Triangle of Secure Code Delivery
Secure code delivery is the problem of getting software from its author to its users safely, with a healthy dose of mistrust towards the author and everything else in between.
We want to make sure that no attacker can modify the software as users download it in order to backdoor it or take control of their systems. More than that, we want to make it hard for the software's actual author to insert backdoors and selectively target users. This is important, because even if the author is absolutely trustworthy, they still might have been compromised, and with potentially millions of systems pulling code from them, we ought to have some sort of protection.
It's a difficult problem, one we haven't come close to solving. Especially so on new platforms like the Web, where entire applications are re-downloaded every time they are run.
The Triangle
Here's a Triangle, otherwise known as a list of three things, that I conjecture are necessary and sufficient for code delivery to be secure.

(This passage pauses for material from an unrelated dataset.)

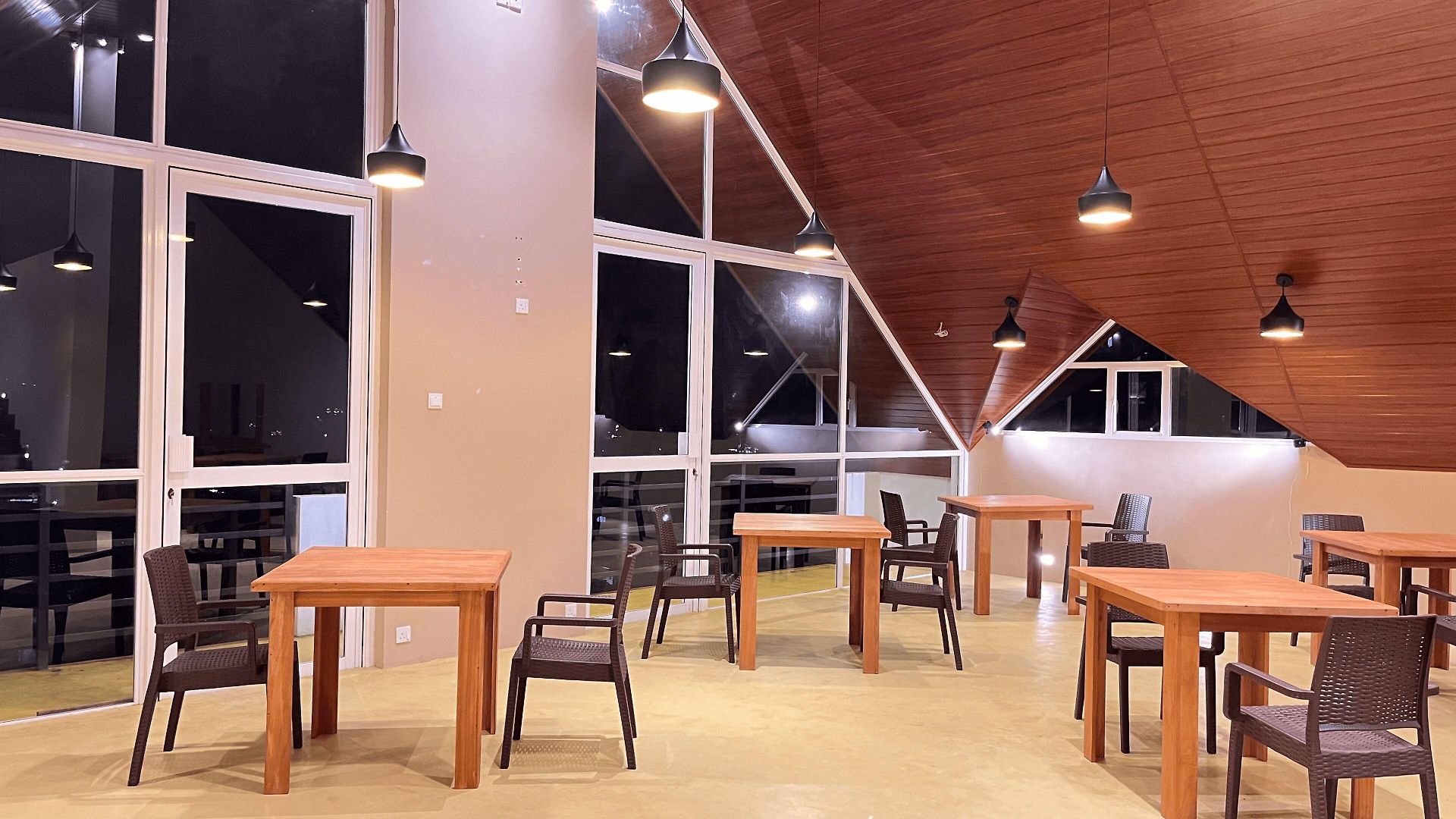 Hotel Queens Mount Glen Heights 2*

The three points of the triangle are:
-
Reproducible Builds:
Given the application's source code, it should be possible to reproduce the distributed package exactly, down to contents that are known to vary benignly, such as build timestamps.

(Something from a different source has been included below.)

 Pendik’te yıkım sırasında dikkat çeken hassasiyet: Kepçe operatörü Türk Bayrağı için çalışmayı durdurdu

This property is important for auditing. A developer can sign both the source code and distributed binary package, but how does the user (or, more likely, a security auditor) know the source code actually represents the binary? To be sure, it has to be possible to re-create the binary package from the source exactly, or at least without unexplained differences. This provides some defense if the software's developers turn malicious or are successfully attacked.
-
Userbase Consistency Verification:
Users of the software should be able to check that the package they received is identical to the one that all other user received in a peer-to-peer (or otherwise decentralized) fashion. These packages should be available permanently in a public record.

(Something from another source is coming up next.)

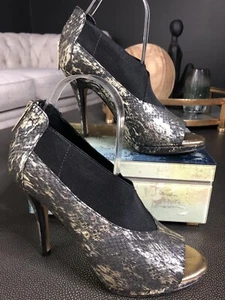 donald pliner Womens 8.5 Black/gold Metallic Open Toe Stiletto Pump Sassi - Picture 1 of 12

This is the most important of the three properties. Simply put: Everyone gets the same thing. If you can guarantee that everyone gets an identical copy of the software, then it becomes impossible to hide a targeted attack. If an attacker wants to backdoor one user's software, they have to backdoor every user's software. This greatly increases the attacker's risk of being detected.
-
Cryptographic Signatures:
The software package, source code, and patches (changes) should be cryptographically signed by the upstream software source (i.e. the developers).
This serves to establish an anchor of trust to a person or organization responsible for maintaining the software. Without this property, a window of vulnerability exists before the software gets distributed widely enough for the Userbase Consistency Verification to be effective.
I conjecture that these three properties, if implemented correctly, are sufficient to disincentivize both large-scale attacks (i.e. the NSA wants to put a vulnerability in everyone's copy of Tor) and localized targeted attacks (i.e. the NSA wants to compromise a single user's software download to take control of their system).
Having just two of these properties is not enough:
-
Without Reproducible Builds:
Without Reproducible Builds, the software developer can be compromised and backdoors can be inserted into binaries prior to signing. With the binary distributed widely and in the public record, detection is still a risk for the attacker, but only if lots of people are looking very closely. With reproducible builds, detection becomes immediate by comparing the build-verified source code to the previous version.
-
Without Userbase Consistency Verification:
Without Userbase Consistency Verification, localized targeted attacks are much easier. This is especially true when the software developers themselves are malicious (or controlled by the NSA), and they want to serve backdoored copies to some users, but clean copies to most users.
-
Cryptographic Signatures:
Without this property, there's a window of opportunity for an attack to happen between the time when a new version of the software is released and when it becomes widely publicized and the Userbase Consistency Verification becomes effective. Any Userbase Consistency Verification system would probably depend on signatures simply in order to know who is authorized to release the next version of the software.
The Future
With these three properties in mind, can we build a secure code delivery system?
Cryptographic signatures are already available for most popular software. The Gitian project is making progress on Reproducible Builds and supports a limited kind of Userbase Consistency Verification. The Bitcoin cryptocurrency, being a decentralized append-only record, is evidence that full-scale Userbase Consistency Verification is possible, but can we make something reliable and easy to use for software? Perhaps it could work the way Perspectives or Convergence do for the SSL Certificate Authority system.
Can we build a secure code delivery system for the web, too? If we had a one built into our browsers, security would be a whole lot better. There would be no more compromised websites serving malware, and we could finally bring usable crypto, like LastPass, Cryptocat, miniLock, and GlobaLeaks to the masses.
I'm convinced that code delivery is the biggest challenge, with the most practical consequences, that we're facing today. Let's give it the attention it deserves. With these three principles, we can see a way forward.